May 21 2021

The Science and Politics of Global Climate Change: A Guide to the Debate, 3rd Edition

Reviewed by Dr. Yasmin Zaerpoor, Boston College

Why is collective action on climate change so difficult to achieve, despite the overwhelming scientific consensus that the climate is changing?

The Science and Politics of Global Climate Change

The Science and Politics of Global Climate Change: A Guide to the Debate, 3rd Edition, by A. E. Dessler and E. A. Parson, Cambridge University Press, 2020, 278 pp.

Our global response to climate change remains insufficient despite regular, and increasingly urgent, warnings from the scientific community about the global impacts, especially if warming exceeds 1.5°C. Although there is some uncertainty about the extent to which our natural world will change as a result of the climate changing, there is wide scientific consensus that the climate is changing. The existing challenge is therefore not related to knowledge, but to knowing how to translate that knowledge into political action.

In this third edition of The Science and Politics of Global Climate Change, A. E. Dessler and E. A. Parson masterfully consider the interaction science and politics as it relates to climate action. They outline three factors that make climate change more difficult to address than previous environmental challenges. First, climate change is a slow process that requires long-term planning, which is not immune to changes in local and national politics. Second, they highlight the tradeoff between environment and economics, noting that the necessary reduction in greenhouse gas emissions will require transitioning away from fossil fuels and may have, at least short-term, impacts on economies around the world. Third, uncertainty about the impacts of climate change makes it easy to misunderstand and miscommunicate the seriousness of the problem.

Chapter One starts by introducing the science of climate change and, more specifically, describing climate, the Earth’s energy balance, the greenhouse gas effect, the role of feedbacks and climate forcings, and the impact of humans on the climate. It also provides a brief overview of climate change policy, starting from the late 1980s and 1990s through the 2015 Paris Agreement (and the United States’ temporary withdrawal under Donald Trump).

Chapter Two summarizes the scientific and political debates on climate change, their differences and how they interact. Interestingly, Dessler and Parson approach this by differentiating between positive and normative statements made in the climate debate, describing the scientific process as a collective endeavor with peer review rather than an abstract, rational process, and by highlighting the potential conflict that emerges when science is used/misused to support contradictory political positions.
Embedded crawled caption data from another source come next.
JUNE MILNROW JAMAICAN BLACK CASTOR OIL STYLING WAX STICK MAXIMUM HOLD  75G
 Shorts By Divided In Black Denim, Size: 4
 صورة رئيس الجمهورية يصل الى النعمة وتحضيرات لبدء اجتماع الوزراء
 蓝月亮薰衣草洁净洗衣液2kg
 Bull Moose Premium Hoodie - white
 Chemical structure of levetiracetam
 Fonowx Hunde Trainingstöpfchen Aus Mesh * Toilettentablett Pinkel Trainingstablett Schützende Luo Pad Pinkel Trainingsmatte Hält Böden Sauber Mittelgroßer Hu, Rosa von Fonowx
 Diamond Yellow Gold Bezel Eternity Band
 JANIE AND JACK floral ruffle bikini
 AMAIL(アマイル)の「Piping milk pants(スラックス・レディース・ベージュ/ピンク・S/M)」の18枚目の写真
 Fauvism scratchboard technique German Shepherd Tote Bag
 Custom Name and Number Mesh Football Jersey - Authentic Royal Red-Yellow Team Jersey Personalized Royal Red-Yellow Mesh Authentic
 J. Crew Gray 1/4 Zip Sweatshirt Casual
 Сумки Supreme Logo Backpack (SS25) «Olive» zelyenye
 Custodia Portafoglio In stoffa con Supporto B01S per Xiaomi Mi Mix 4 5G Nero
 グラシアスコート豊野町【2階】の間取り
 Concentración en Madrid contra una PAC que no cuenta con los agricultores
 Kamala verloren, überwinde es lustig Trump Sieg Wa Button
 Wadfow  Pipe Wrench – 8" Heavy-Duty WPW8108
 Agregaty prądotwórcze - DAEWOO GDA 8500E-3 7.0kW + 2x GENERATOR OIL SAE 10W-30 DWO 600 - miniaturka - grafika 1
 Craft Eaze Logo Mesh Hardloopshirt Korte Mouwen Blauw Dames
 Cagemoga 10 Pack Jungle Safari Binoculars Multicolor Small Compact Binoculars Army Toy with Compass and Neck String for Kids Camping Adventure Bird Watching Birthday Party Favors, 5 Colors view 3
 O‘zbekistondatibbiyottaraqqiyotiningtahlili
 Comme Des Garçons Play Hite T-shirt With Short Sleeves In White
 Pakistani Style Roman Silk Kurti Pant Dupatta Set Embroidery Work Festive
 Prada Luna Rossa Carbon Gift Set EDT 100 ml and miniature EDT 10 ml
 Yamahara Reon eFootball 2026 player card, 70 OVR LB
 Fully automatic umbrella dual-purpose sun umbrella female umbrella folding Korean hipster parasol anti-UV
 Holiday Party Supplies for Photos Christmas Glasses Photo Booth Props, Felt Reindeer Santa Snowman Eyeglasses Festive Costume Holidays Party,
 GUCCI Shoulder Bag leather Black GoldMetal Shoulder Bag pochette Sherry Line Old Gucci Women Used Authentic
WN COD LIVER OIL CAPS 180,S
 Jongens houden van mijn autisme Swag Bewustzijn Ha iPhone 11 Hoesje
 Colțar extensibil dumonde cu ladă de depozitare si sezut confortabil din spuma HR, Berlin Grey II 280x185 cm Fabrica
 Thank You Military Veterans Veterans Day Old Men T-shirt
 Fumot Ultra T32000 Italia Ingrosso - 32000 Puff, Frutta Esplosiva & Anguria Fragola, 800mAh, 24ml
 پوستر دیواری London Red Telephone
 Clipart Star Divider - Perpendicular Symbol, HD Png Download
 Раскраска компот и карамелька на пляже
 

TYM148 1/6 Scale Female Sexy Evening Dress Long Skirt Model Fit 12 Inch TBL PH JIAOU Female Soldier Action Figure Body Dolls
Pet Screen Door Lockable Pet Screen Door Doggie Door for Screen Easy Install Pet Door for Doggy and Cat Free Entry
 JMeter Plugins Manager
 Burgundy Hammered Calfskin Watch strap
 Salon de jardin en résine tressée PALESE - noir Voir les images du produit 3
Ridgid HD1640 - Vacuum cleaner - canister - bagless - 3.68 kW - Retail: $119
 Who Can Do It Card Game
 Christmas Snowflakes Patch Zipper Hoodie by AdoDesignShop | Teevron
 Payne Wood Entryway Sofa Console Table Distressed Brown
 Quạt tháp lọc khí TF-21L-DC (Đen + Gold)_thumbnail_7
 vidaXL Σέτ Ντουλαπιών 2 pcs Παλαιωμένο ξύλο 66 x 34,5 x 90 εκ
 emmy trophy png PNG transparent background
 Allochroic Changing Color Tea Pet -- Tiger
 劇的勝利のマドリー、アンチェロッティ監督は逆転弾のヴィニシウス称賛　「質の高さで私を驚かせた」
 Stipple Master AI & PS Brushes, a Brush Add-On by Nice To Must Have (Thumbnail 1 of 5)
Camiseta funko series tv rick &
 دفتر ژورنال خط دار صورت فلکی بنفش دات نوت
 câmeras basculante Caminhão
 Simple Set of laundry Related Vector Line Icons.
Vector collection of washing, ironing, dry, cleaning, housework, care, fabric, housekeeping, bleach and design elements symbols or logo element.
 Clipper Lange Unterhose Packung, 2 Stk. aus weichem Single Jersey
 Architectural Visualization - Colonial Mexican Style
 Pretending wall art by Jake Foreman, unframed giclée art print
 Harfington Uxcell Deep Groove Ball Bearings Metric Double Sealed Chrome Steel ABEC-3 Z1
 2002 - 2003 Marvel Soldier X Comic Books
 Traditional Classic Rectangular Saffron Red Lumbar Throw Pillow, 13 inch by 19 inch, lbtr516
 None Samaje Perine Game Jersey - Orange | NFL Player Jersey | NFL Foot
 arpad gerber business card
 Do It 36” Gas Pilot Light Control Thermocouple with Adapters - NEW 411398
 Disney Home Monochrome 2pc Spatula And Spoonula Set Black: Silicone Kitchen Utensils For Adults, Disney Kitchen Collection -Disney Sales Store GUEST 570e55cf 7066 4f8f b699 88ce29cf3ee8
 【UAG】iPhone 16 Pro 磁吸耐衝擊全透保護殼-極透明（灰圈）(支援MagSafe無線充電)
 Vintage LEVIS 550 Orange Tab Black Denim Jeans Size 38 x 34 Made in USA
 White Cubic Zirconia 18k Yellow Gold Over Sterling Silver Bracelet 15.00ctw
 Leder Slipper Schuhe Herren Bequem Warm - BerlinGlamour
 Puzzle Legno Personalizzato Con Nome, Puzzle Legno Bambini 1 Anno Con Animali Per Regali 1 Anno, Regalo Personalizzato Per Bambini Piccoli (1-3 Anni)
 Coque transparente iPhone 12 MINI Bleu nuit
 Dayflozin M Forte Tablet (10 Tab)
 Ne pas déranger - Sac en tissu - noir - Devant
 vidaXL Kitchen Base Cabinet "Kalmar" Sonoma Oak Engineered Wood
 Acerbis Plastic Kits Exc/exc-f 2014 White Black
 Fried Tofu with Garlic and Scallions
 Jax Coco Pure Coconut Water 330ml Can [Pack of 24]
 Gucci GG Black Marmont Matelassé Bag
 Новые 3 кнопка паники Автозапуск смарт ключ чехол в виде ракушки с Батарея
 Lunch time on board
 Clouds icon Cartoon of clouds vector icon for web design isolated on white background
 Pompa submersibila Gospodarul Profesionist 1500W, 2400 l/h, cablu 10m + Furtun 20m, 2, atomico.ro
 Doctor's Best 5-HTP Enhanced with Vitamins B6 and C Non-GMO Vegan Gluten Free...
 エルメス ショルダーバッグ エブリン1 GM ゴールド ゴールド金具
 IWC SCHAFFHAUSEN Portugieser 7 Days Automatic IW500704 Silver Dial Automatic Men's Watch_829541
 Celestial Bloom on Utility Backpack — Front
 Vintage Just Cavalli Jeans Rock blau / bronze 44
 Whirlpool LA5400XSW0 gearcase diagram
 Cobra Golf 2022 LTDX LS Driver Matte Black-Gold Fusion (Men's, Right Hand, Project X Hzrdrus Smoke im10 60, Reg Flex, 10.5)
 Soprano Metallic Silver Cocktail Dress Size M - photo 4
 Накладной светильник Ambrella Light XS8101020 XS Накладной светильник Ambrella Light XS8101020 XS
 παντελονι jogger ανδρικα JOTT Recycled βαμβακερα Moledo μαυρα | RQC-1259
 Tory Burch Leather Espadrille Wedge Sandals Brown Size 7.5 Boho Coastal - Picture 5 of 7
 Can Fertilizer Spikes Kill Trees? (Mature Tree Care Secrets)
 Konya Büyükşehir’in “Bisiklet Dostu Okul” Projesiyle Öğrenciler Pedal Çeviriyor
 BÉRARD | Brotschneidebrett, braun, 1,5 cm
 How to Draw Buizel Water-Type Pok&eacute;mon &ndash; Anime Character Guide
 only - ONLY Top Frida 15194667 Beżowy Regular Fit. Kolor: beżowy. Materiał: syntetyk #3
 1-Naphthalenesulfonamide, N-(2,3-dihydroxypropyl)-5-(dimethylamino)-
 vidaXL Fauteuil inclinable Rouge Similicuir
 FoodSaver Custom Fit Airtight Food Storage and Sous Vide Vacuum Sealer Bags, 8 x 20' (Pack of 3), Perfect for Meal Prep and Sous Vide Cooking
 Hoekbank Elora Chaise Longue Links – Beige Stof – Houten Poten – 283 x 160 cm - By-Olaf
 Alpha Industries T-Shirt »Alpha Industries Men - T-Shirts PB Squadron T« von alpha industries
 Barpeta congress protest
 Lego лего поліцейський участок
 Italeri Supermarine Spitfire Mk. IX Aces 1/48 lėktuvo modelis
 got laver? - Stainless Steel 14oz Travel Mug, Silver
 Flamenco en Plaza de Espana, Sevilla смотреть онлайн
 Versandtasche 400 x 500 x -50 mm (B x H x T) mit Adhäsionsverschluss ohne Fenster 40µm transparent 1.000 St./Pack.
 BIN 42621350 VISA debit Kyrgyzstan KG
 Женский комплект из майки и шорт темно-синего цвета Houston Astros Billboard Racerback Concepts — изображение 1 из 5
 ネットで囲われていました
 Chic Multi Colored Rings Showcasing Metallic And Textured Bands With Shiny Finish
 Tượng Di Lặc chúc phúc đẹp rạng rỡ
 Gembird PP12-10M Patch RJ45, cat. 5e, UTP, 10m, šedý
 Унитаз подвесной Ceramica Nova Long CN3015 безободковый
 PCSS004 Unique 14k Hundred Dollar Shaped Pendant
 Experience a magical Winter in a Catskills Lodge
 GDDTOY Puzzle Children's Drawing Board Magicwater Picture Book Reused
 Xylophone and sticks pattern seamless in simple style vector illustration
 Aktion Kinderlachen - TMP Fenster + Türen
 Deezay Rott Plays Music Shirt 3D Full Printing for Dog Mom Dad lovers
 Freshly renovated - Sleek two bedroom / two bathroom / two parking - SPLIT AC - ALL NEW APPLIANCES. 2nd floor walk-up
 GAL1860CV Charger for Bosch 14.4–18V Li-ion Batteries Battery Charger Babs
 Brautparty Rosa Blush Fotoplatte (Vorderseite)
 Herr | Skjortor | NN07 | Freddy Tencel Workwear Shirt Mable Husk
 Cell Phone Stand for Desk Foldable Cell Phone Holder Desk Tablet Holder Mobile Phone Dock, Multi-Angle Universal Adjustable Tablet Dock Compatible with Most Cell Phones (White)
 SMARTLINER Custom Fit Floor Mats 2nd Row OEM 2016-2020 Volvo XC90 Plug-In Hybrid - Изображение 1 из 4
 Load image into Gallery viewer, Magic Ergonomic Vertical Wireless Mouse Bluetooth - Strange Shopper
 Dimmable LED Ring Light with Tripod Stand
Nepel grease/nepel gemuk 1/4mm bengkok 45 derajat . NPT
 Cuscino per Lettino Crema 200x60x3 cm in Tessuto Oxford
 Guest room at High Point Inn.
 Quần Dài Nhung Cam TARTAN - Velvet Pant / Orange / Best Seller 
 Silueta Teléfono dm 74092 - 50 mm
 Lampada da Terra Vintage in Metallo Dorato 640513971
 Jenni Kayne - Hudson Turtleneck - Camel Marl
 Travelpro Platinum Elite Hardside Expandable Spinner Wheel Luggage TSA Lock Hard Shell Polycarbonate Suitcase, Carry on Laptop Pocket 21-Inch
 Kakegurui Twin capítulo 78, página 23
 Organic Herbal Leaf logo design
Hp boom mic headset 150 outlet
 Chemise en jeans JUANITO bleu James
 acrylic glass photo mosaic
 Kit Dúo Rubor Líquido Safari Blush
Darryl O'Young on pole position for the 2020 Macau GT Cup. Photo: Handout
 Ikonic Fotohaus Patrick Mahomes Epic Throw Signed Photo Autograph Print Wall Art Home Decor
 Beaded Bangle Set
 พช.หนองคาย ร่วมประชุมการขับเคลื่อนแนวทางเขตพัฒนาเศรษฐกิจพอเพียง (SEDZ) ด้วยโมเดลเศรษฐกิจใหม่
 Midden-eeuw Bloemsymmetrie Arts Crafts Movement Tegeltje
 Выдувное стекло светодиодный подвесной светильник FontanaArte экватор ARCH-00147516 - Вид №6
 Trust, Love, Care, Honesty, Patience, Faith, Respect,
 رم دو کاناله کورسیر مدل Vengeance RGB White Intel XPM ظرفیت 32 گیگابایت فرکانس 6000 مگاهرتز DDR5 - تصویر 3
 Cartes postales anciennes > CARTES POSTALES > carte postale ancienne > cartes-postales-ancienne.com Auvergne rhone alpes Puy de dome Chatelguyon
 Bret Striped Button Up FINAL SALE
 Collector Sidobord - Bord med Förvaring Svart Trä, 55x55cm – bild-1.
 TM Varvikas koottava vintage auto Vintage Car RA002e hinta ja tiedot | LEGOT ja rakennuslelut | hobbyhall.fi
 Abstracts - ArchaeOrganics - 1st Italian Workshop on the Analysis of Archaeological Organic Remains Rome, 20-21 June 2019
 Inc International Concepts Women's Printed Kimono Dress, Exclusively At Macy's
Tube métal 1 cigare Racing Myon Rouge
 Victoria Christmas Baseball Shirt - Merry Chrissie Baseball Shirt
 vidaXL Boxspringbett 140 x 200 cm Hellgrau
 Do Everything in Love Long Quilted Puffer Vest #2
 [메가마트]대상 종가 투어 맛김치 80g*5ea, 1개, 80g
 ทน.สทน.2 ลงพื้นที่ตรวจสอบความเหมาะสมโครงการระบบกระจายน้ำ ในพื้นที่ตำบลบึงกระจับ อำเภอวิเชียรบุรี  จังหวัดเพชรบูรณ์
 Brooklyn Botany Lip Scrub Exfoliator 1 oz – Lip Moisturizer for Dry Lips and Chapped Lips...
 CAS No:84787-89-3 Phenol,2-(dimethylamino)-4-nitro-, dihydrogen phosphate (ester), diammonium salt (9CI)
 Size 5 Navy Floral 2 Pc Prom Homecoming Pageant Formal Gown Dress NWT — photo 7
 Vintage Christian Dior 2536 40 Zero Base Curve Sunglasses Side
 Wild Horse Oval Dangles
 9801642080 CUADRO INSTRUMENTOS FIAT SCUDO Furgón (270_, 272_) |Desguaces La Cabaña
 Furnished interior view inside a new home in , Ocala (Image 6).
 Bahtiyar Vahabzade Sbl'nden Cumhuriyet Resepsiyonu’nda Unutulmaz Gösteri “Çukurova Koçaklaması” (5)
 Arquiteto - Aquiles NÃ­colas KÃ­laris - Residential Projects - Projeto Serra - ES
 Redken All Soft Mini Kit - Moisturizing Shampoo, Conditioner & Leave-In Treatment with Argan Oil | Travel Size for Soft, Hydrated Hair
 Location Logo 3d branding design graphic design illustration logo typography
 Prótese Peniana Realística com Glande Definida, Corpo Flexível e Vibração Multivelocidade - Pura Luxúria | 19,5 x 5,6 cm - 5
This is a very thoughtful approach to the climate debate as it extends beyond the science and introduces readers to the complexity of integrating science into policy.

Chapter Three, which focuses on the impacts of humans on the climate, is organized around four questions: (i) Is the climate changing? (ii) Are human activities responsible? (iii) What further climate changes are likely? and (iv) What will the impacts be? Dessler and Parson also consider natural processes (e.g., tectonic processes, variations in Earth’s orbit, solar variability and internal variability of the climate system) that affect climate, but explain that these do not explain the extent to which the climate is changing. They end the chapter by considering, and rebutting, two contrary claims for anthropogenic climate change. More specifically, they explain and dismiss the misinformed and pervasive counterarguments that global warming is not happening and that the climate has always changed and therefore should not be a concern.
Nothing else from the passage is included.